I’ve been performing surveys and inspections on trees and shrubs, as well as checking the status of the seedlings planted after forest harvesting. I determine whether the plants are “free growing” – which assess whether it is living in conditions suitable enough to thrive independently. The work may sound boring to an outsider, but for someone who’s been in customer service his entire working life, it’s a refreshing change (trees are rather low maintenance compared to the average caffeine-starved Tim Hortons customer).
My Co-op coordinator, Marion Oke, was instrumental in connecting me with this position.
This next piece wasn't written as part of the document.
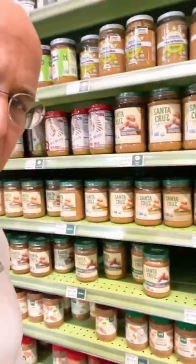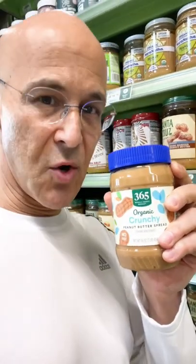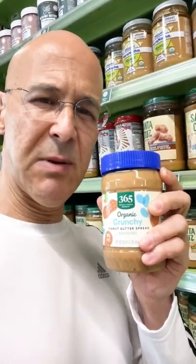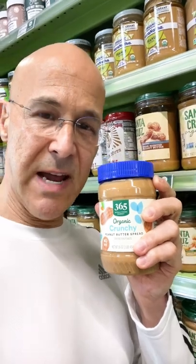When you're buying your peanut butter, be aware of what's in it. A lot of times it'll have excessive sugars, and even when it says organic, you need to look at the ingredients. This has palm oil in it, which causes low-grade inflammation in the body. This has been linked to insulin resistance and obesity.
She achieved a nearly impossible feat: finding an employment opportunity where accommodation was provided and paid for, or one located in the Kamloops or Merritt areas. Her solution: Ten Peaks Holdings. After a quick and informal telephone interview with Mike Carnigie, the owner of TPH, I was off to buy some quality rain gear and a surveyor’s vest. Not long after I was out in the bush.
My favorite day was helping with drone testing. We ended up counting trees to compare with drone photos. As a result, Mike and I ended up working together; a pleasant change from my usual solidarity. But more excitingly, it just so happened to be the time of year that wild berries were ripe. I ended up gorging myself on tiny wild strawberries the size of my pinky nail, but as sweet as candy, mouth-watering red raspberries, and best of all juicy black huckleberries that left purple stains on my hands and face. What’s more, the rain stayed away, meaning it was a rather pleasant time out.
This has been a truly amazing experience. I’ve learned a huge amount and improved my existing skills. To anyone hoping to take up a similar job through Co-op, I think you’d have a good time. Just make sure you bring good rain gear!